Ask the children to sit upright, beautifully like a proud statue. They can sit on a chair or on the floor, cross legged, or kneeling. The back should be straight, but relaxed. We can only invite the bell when we are calm and peaceful, because the sound of the bell reflects our mind. We can only help others be peaceful when we are also graceful. So we recite this poem before we invite the bell:
Breathing-in: Body, speech and mind in perfect oneness.
Breathing-out: I send my heart along with the sound of the bell.
Breathing-in: May those who hear it awaken from forgetfulness.
Breathing-out: And overcome all anxiety and sorrow.
A more child-like version of the above poem is: I am really here, with my mind and body together. I am calm and happy and I want this sound of the bell to help others feel calm and happy.

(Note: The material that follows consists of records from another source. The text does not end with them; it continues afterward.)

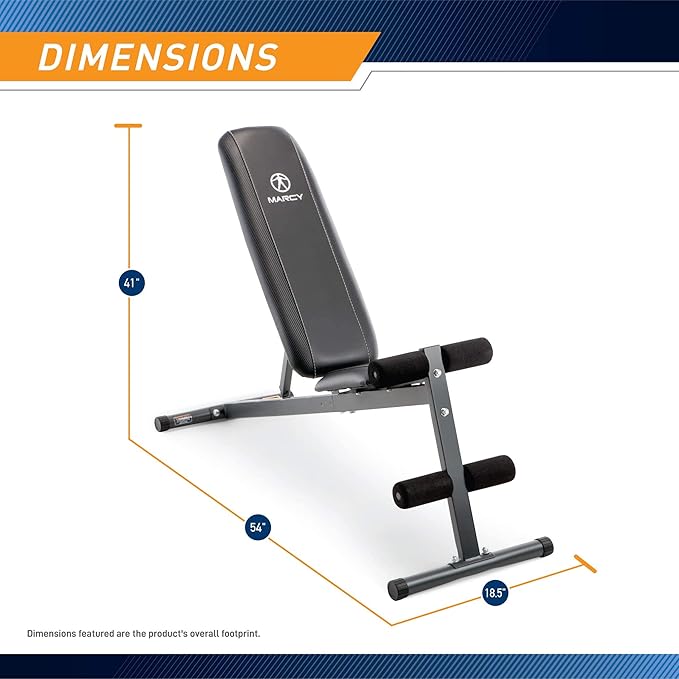Marcy Exercise Utility Bench for Upright, Incline, Decline, and Flat Exercise SB-261W , Black , 42.00 x 19.00 x 51.00 inches
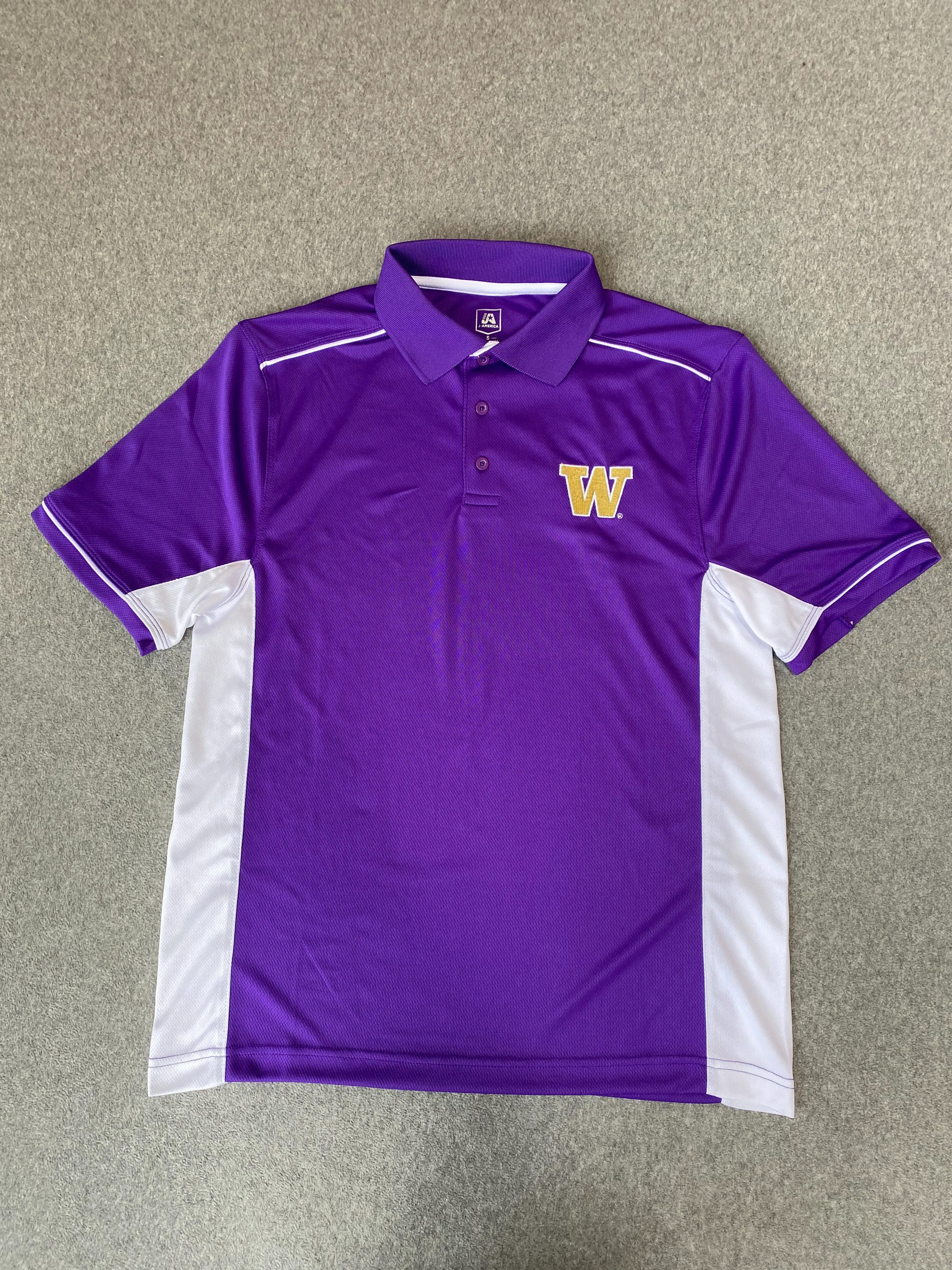 Mens Purple UW Embroidered Polo Size Small
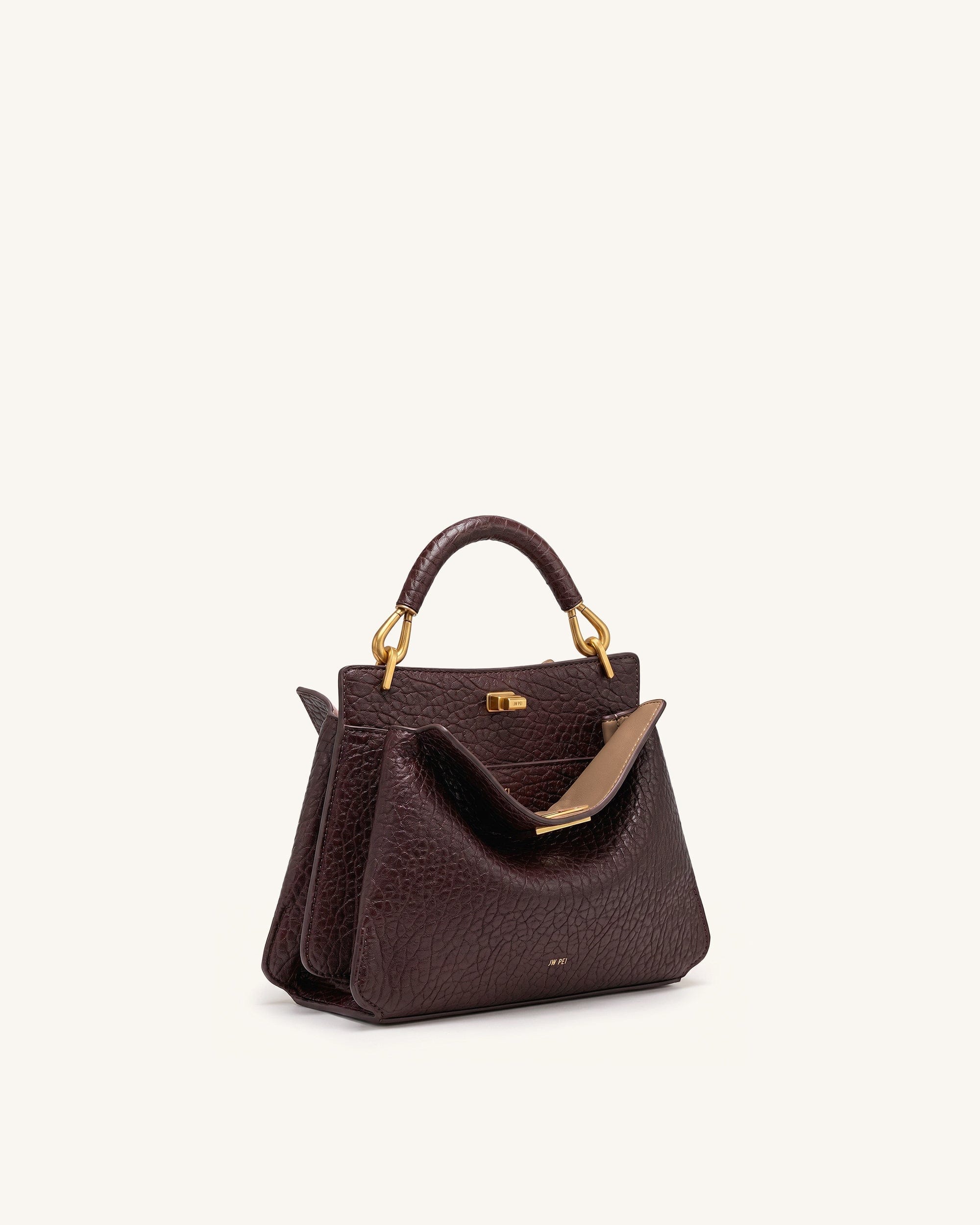 Jw Pei Lucia Elephant Effect Top Handle Bag Dark Brown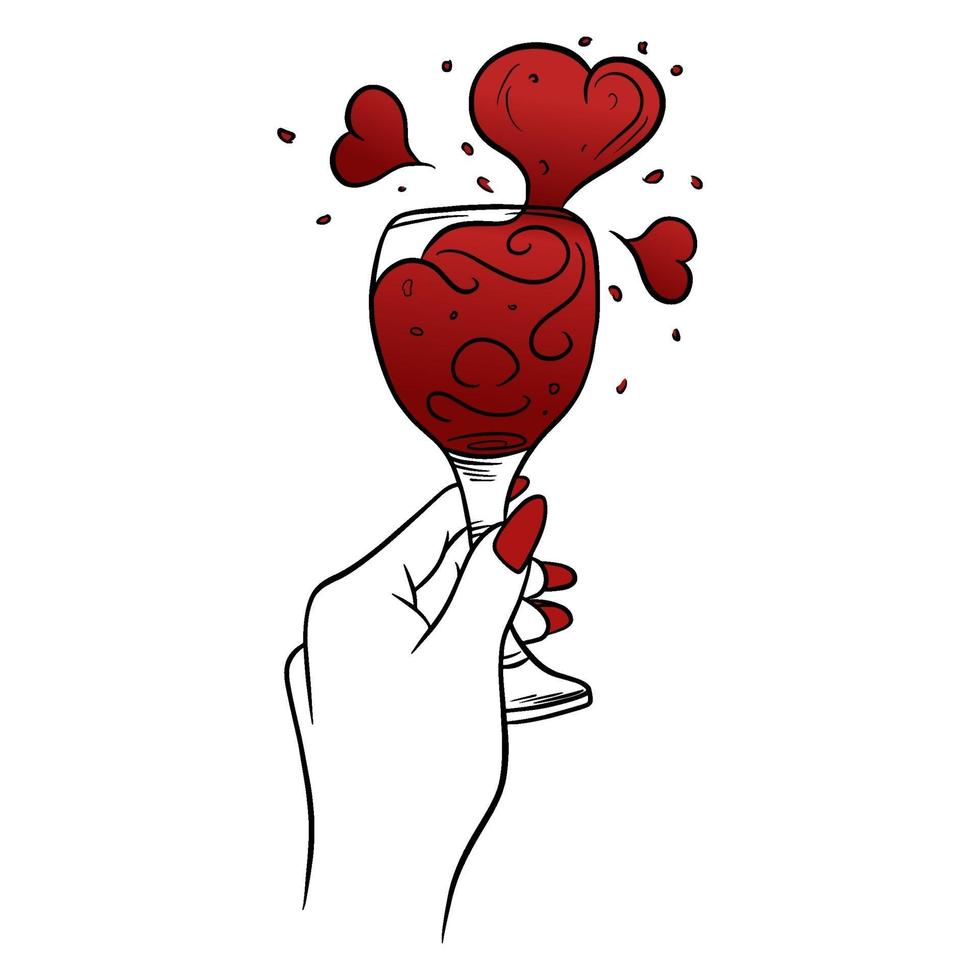 Female hand with a glass of wine vector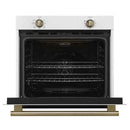 Forno 2-Piece Appliance Package - 30-Inch Vomero Wall Oven & 30-Inch Microwave Oven in White with Antique Brass Handle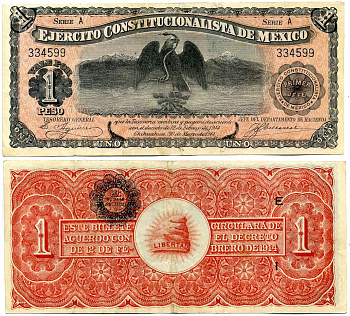 Мексика, Чиуауа 1 песо 1914 30 марта 1914, EJERCITO CONSTITUCIONALISTA DE M?XICO, серия А, надпечатка "E", I Pick S 523a бумага 8603-11-1-1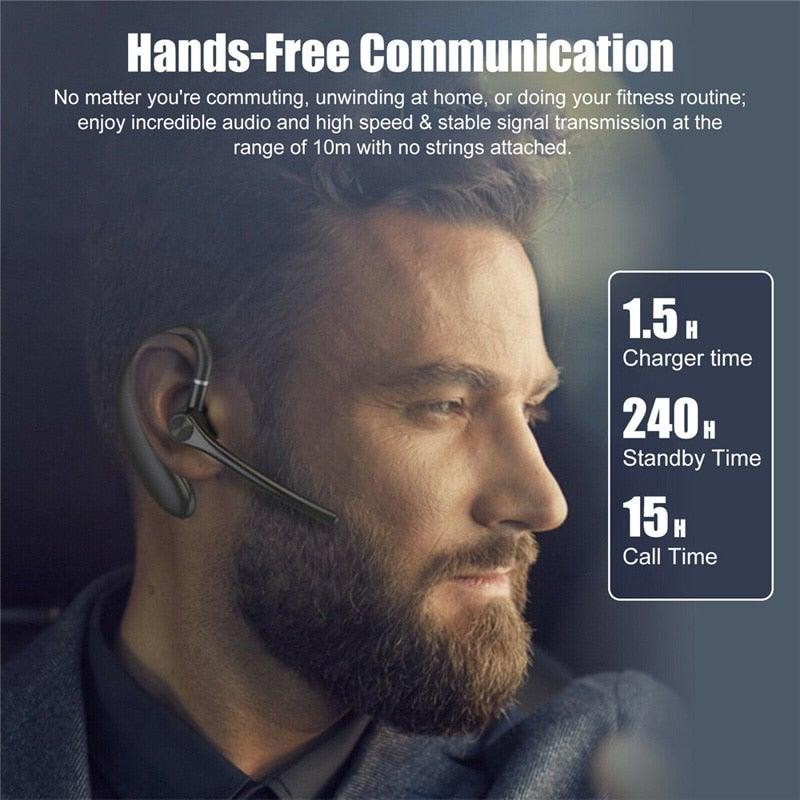 Wireless Headphones With Microphone Bluetooth Con Headset Earphones Updated Design with Industry Leading Sound & Improved Comfort, Long Wireless Range, Up to 24 Hours of Talk Time - STEVVEX Headphones - 123, Black headphones, Earphone, Earphones, Headphone, headphones, Music Earphones, One ear headphone - Stevvex.com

Or: Breathing-in, I am calm, Breathing-out, I am smiling.
Ask the children to write their own poems for listening to and inviting the bell and then to really practice using them whenever they hear or invite the bell. They should breathe-in and out at least 3 times before picking up the bell to invite it.
Tell the children that we say “inviting the bell to sound” not “striking or hitting the bell” because it is a sound that can help many people and we always treat the bell with respect. Then we join our palms and bow to express our respect to the bell and also to show the unity of our mind and body. We pick the bell up and place it in the palm of one hand that remains flat, outstretched. With the other hand we pick up the inviter and wake up the bell. We breathe in and out once after the wake-up sound and before making a full sound of the bell. The full sound should be strong and clear. If we mistakenly invite the bell too softly, we can invite a stronger sound straight away. Then we enjoy three in- and out breaths. We place the bell down and bow. Invite all the children to try inviting the bell once.